Cross-cohort comparisons allow the research findings obtained from one study to be tested and replicated by another study [10]. Harmonization of heterogeneous data from different resources is essential to enable such cross-cohort comparisons. In addition, harmonizing and integrating data from multiple sources increase the statistical power that an individual dataset would provide. There have been various efforts for cross-cohort data harmonization and integration [11,12,13] and cross-cohort data exploration [14,15,16,17] in different disease domains. For instance, Cui et al. have performed data harmonization on heterogeneous datasets in the the National Sleep Research Resources (NSRR) and developed a cross-cohort search interface called X-search for querying patient cohorts from multiple datasets in NSRR [17].

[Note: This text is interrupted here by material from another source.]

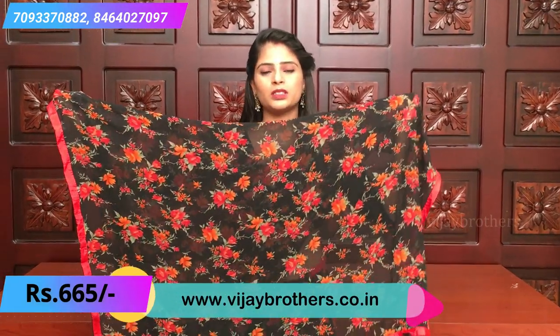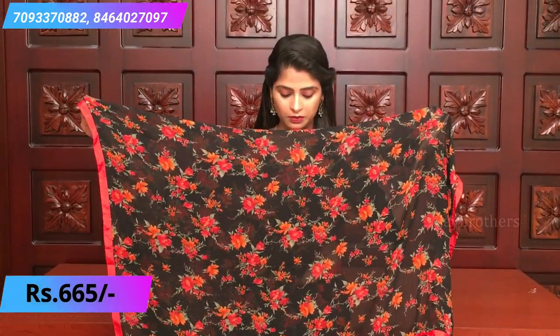It's not a tomato pink. The sides have a half inch crepe border on both sides. And a running, just a normal running style with borders and blouse. This is how the saree looks. The price of this saree is ₹665.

However, there has been limited work harmonizing AD-related datasets from different resources (such as NACC and ADNI) and supporting cross-cohort data exploration from these AD-related data resources. In a recent preprint [18], Salimi et al. manually harmonized 1,196 variables across 20 AD cohort datasets including NACC and ADNI, and presented a web-based platform called ADataViewer to explore the cohort datasets. However, their data harmonization only mapped a sub-collection of variables (or data elements) from each dataset, and did not harmonize inconsistent codes (or permissible values); in addition, the web-based data exploration was provided in a summarized manner (e.g., pre-computed variable distribution plots), and only supported variable-level queries (e.g., number of patients with variable “Mini-Mental State Examination (MMSE)” captured) rather than value-level queries (e.g., number of patients with MMSE below 12).

In this work, we focused on mapping data elements in NACC and ADNI, and harmonizing inconsistent codes such as different values ranges or different units of measurement for mapped data elements. For data exploration, we developed a prototype cross-cohort, value-level query system for searching patient cohorts across the two resources. In particular, we created an Alzheimer’s Disease Data Element Ontology (ADEO), which not only models harmonized data elements between NACC and ADNI, but also serves as the knowledge source to drive the cross-cohort query system.

NACC and ADNI

NACC has been collecting data from Alzheimer’s Disease Research Centers (ADRCs) funded by the National Institute on Aging since 2005 [2]. The goal is to translate research advances into improved diagnosis and care for AD patients, and find ways to treat and possibly prevent Alzheimer’s disease and related dementias (ADRD). It includes participants with cognitive status ranging from normal cognition, to mild cognitive impairment (MCI), and demented. In each participant’s annual Uniform Data Set (UDS) visit, standardized clinical data consisting of 16 forms are collected, covering topics including subject demographics, neurological examination findings, and diagnosis. Subsets of UDS subjects have imaging data, and cerebrospinal fluid (CSF) biomarker data, genetic data, and autopsy data.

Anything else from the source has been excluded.